Amazon SageMaker AI Deployment¶

The SageMaker image (omni-sagemaker-cuda) includes a routing middleware that dispatches /invocations to the correct vLLM-Omni endpoint based on the CustomAttributes header.

Specifying the Model¶

The SageMaker image resolves the model in this order:

SM_VLLM_MODEL environment variable — explicit Hugging Face ID or path
/opt/ml/model — when SageMaker mounts model artifacts via ModelDataUrl or ModelDataSource, the entrypoint auto-detects them
HF_MODEL_ID environment variable — fallback Hugging Face ID

Set exactly one. For gated models, also pass HF_TOKEN.

Routing¶

`CustomAttributes`	Dispatched to
`route=/v1/audio/speech`	TTS
`route=/v1/audio/generate`	Audio generation
`route=/v1/images/generations`	Image generation
`route=/v1/videos/sync`	Video generation (sync, returns MP4)
`route=/v1/chat/completions`	Multimodal chat
(no route)	vLLM default `/invocations`

Deploy a TTS Endpoint¶

from sagemaker.model import Model
from sagemaker.predictor import Predictor
from sagemaker.serializers import JSONSerializer

model = Model(
    image_uri="public.ecr.aws/deep-learning-containers/vllm:omni-sagemaker-cuda",
    role="arn:aws:iam::<account_id>:role/<role_name>",
    predictor_cls=Predictor,
    env={"SM_VLLM_MODEL": "Qwen/Qwen3-TTS-12Hz-1.7B-CustomVoice"},
)

predictor = model.deploy(
    instance_type="ml.g5.xlarge",
    initial_instance_count=1,
    inference_ami_version="al2-ami-sagemaker-inference-gpu-3-1",
    serializer=JSONSerializer(),
)

response = predictor.predict(
    data={"input": "Hello, how are you?", "voice": "vivian", "language": "English"},
    custom_attributes="route=/v1/audio/speech",
)

# Cleanup
predictor.delete_model()
predictor.delete_endpoint(delete_endpoint_config=True)

Other Modalities¶

The same pattern works for image and sync-video endpoints — change SM_VLLM_MODEL, instance_type, and the route= attribute.

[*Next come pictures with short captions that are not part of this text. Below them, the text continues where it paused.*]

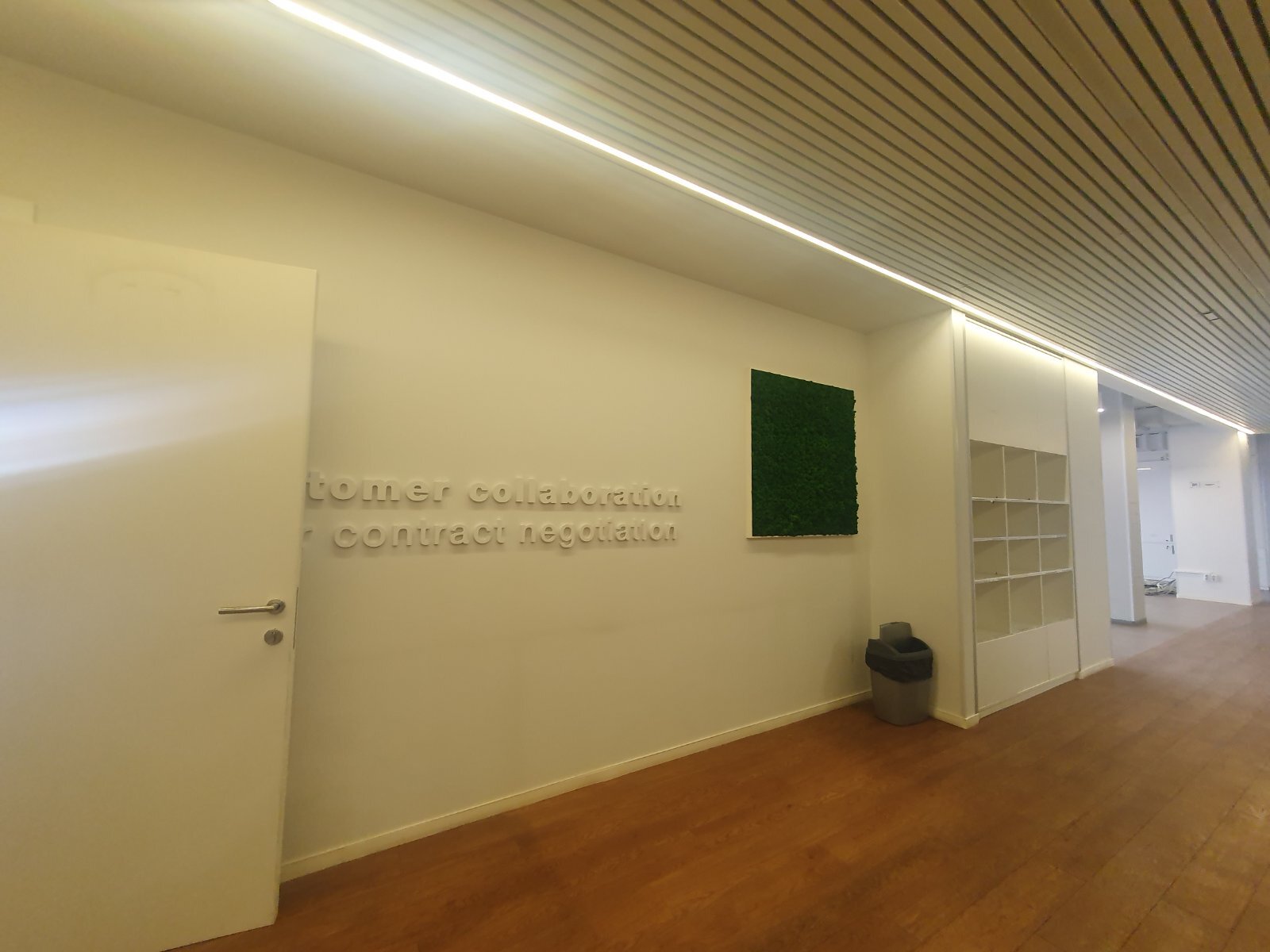 Аренда офиса 520 м², Спасская ул.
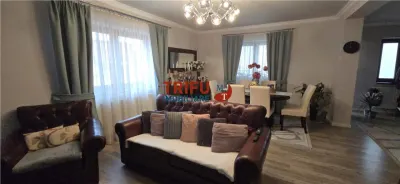 Casa in Partos Ideala pentru Familie - foto 3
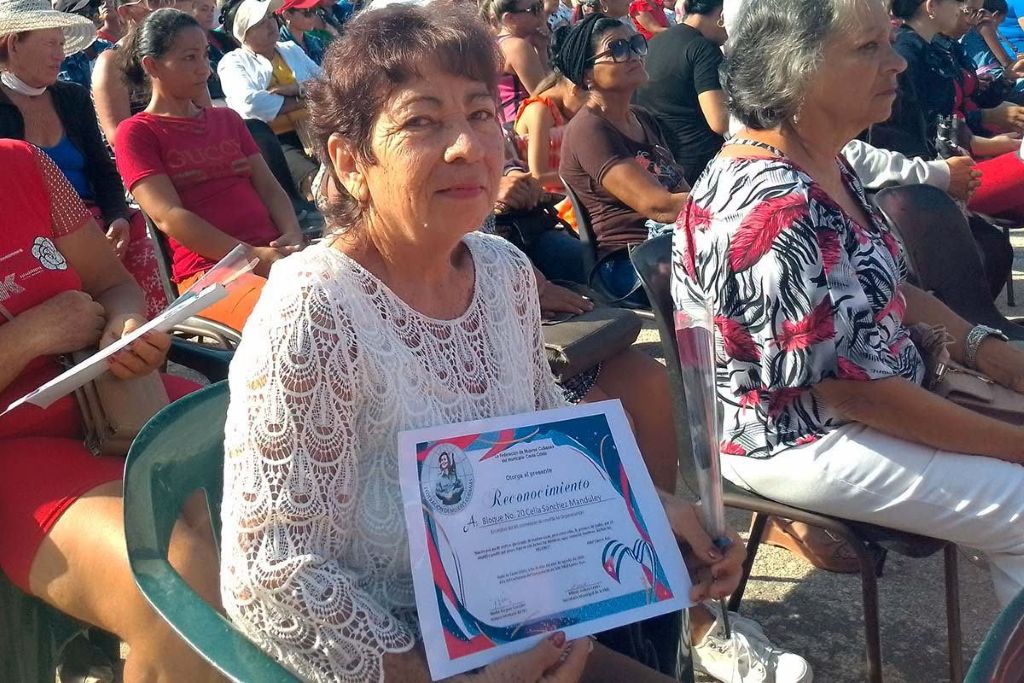 federada granmense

# Image generation — FLUX.2-klein-4B on g6.xlarge (JSON)
response = predictor.predict(
    data={"prompt": "a red apple on a white table", "size": "512x512", "n": 1},
    custom_attributes="route=/v1/images/generations",
)

The /v1/videos and /v1/videos/sync routes accept either application/json or multipart/form-data. As of omni-sagemaker-cuda-v1.4, the routing middleware again converts a JSON body to multipart for these routes (this was disabled in v1.2 and restored in v1.4), so sending JSON — as in the image and chat examples above — works. The multipart/form-data path below is still supported unchanged and remains useful when you want byte-for-byte control over the request body.

import uuid
import boto3

def build_multipart_body(fields: dict, boundary: str) -> bytes:
    parts = [
        f'--{boundary}\r\nContent-Disposition: form-data; name="{k}"\r\n\r\n{v}\r\n'
        for k, v in fields.items()
    ]
    parts.append(f"--{boundary}--\r\n")
    return "".join(parts).encode()

# Sync video — Wan2.1-T2V-1.3B on g6e.xlarge
boundary = uuid.uuid4().hex
content_type = f"multipart/form-data; boundary={boundary}"
body = build_multipart_body(
    {"prompt": "a dog running on a beach", "num_frames": "17",
     "num_inference_steps": "30", "size": "480x320"},
    boundary,
)

runtime = boto3.client("sagemaker-runtime")
response = runtime.invoke_endpoint(
    EndpointName=predictor.endpoint_name,
    Body=body,
    ContentType=content_type,
    CustomAttributes="route=/v1/videos/sync",
)
mp4_bytes = response["Body"].read()

For the async /v1/videos route on SageMaker async inference, see examples/vllm-omni/sagemaker/deploy_video_sync.py.

For Qwen2.5-Omni multimodal chat (text + speech output), set route=/v1/chat/completions and use the request shape from the EC2 multimodal-chat example.

Notes¶

GPU deployments require inference_ami_version — the default SageMaker host AMI has incompatible NVIDIA drivers for CUDA 13.0 images.
First requests to TTS, audio, and video models may exceed the 60-second real-time invoke timeout due to torch.compile warmup. Use SageMaker async inference for long-running generation tasks.
The /v1/videos async route writes only the job-ID JSON to S3, not the MP4. Use /v1/videos/sync for video generation on SageMaker.

For all configuration options, see Configuration.